Egypt’s Virtual Fight Against Terrorism

When one thinks of cybercrime, thoughts typically veer toward identity and information theft or hacking and sabotage of websites—but the Egyptian government has taken it a step further. This month, President Abdel Fattah al-Sisi’s cabinet sent a draft sent a cybercrime bill to the State Council for review. The draft law would criminalize everything from insulting citizens or the state on the internet or on social media to crimes already covered by the penal code—which include publications that disturb public order, insults to the president, mocking religion, and disturbing national unity or social harmony.

Ragab Saad, an Egyptian human rights researcher, in his latest article on EgyptSource examined the history of the Egyptian authorities’ suppression of internet freedom, the institutions set up under the Sisi administration to regulate internet speech, and the implications of the draft cybercrime bill as worded on online civil and political freedom.
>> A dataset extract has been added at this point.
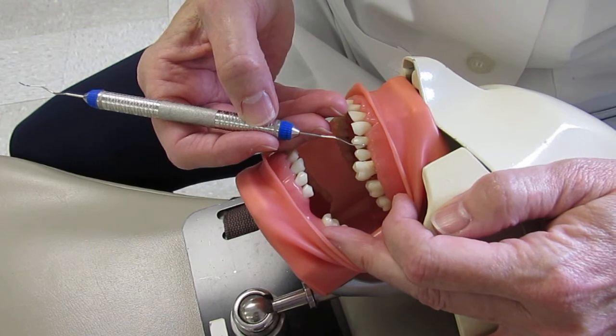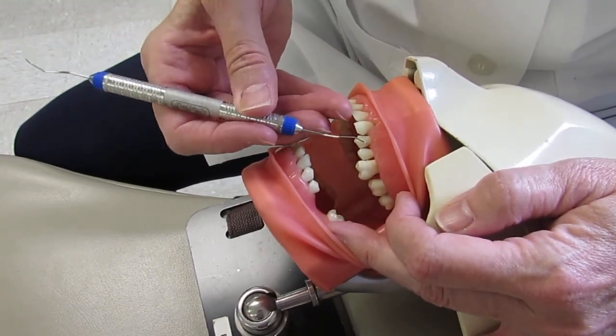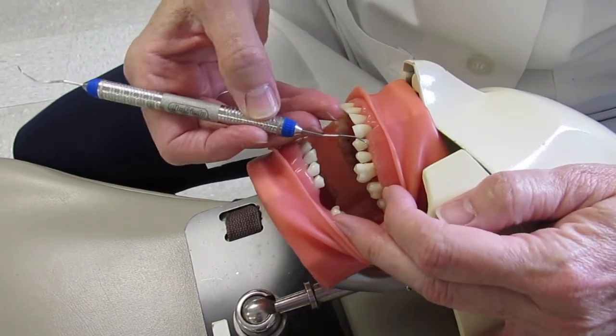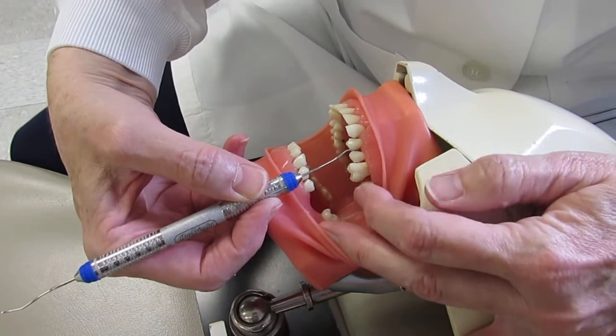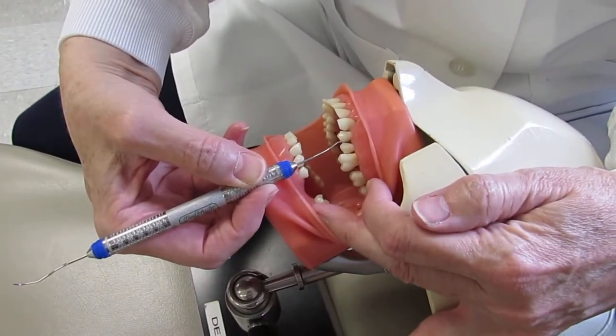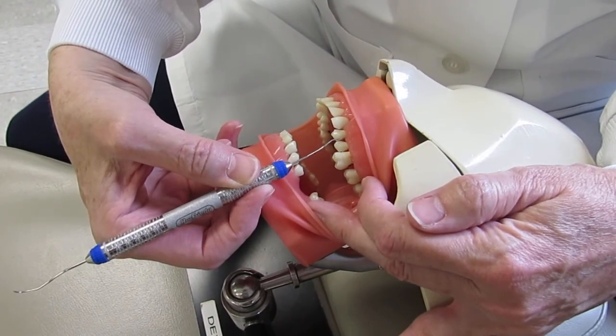To show the opposite end — the incorrect working end — notice the terminal shank is crossing that tooth. You might think you can make it parallel, but if you do, the functional shank is no longer above tooth number 12, and you could not work with the instrument in the back of a person's throat.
Saad notes how the successive governments in Egypt have attempted to stem online political speech, even to the extent of shutting down internet traffic at the height of the uprising in January 2011. President Sisi has linked online activism to his fight against terrorism, proposing harsher penalties for anything that courts could interpret as incitement against government officials, institutions, or property. While some online activity could certainly fall under the umbrella of criminal behavior, Saad worries that the government could use ambiguities in the draft law to quash dissent and eliminate political opponents.

The bill imposes a life sentence without the possibility of parole if any of the crimes listed in the law are committed with the purpose of disrupting public order; jeopardizing the safety and security of society; risking the lives and safety of citizens; hindering authorities in performing their duties; blocking provisions of the Constitution, laws and bylaws; harming national unity and social peace; deriding scriptural religions; or undermining any rights and freedoms ensured by the Constitution. The use of these vague expressions have customarily been used by successive Egyptian governments in drafting legislations to undermine rights and freedoms.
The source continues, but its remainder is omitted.